- Theatrical release poster
- Directed by: Bigas Luna
- Screenplay by: Luis Herce; Bigas Luna; Enrique Viciano;
- Produced by: Enrique Viciano
- Starring: Ángela Molina; Patrick Bauchau; Féodor Atkine; Assumpta Serna; Carme Sansa; Pepa López; Constantino Romero; Ángela Gutiérrez;
- Cinematography: José María Civit
- Edited by: Ernest Blasi
- Music by: José Manuel Pagán
- Production company: Figaró Films
- Distributed by: Ópalo Films
- Release date: 17 January 1986;
- Running time: 106 minutes
- Country: Spain
- Language: Spanish

= Lola (1986 film) =

Lola is a 1986 Spanish drama film directed by Bigas Luna which stars Ángela Molina as the title character.

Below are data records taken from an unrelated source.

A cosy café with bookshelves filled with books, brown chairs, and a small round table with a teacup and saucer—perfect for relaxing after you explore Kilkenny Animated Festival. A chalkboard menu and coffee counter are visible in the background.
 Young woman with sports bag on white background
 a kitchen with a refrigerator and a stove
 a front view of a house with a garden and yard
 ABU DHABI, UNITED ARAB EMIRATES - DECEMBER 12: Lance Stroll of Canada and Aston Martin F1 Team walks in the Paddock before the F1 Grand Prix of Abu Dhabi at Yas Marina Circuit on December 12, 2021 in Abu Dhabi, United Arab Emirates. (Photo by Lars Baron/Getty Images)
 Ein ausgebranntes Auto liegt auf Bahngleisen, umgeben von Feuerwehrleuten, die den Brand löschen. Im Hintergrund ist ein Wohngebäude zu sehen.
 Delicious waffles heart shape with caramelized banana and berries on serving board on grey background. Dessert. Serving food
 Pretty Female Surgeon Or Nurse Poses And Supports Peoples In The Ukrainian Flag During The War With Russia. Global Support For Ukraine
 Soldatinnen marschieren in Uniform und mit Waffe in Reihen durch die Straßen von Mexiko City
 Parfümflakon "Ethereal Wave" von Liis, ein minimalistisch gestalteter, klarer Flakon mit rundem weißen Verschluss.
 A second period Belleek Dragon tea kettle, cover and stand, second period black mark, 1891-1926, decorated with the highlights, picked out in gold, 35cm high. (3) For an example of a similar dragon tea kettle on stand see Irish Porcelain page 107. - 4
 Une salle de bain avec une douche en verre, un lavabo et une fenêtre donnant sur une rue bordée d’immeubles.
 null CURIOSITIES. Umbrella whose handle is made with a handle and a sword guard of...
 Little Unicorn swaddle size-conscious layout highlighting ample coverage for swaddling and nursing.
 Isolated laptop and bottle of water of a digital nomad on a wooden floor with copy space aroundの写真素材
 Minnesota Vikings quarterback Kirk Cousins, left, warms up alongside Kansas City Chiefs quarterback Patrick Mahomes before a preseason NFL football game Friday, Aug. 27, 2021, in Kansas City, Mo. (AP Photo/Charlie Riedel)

Patrick Bauchau, Féodor Atkine, and Assumpta Serna co-star.

== Plot ==
Shoemaking worker Lola lefts husband Mario and then begins a relationship with French car manufacturing manager Robert, but the former re-appears and upends Lola's life.

== Production ==
The film is a Figaró Films production.

== Release ==
The film was released theatrically in Barcelona on 17 January 1986 and in Madrid on 17 February 1986.

== Reception ==
Octavi Martí of El País assessed that Bigas Lunas tries to mask various script flaws "by skilfully taking great care with the packaging".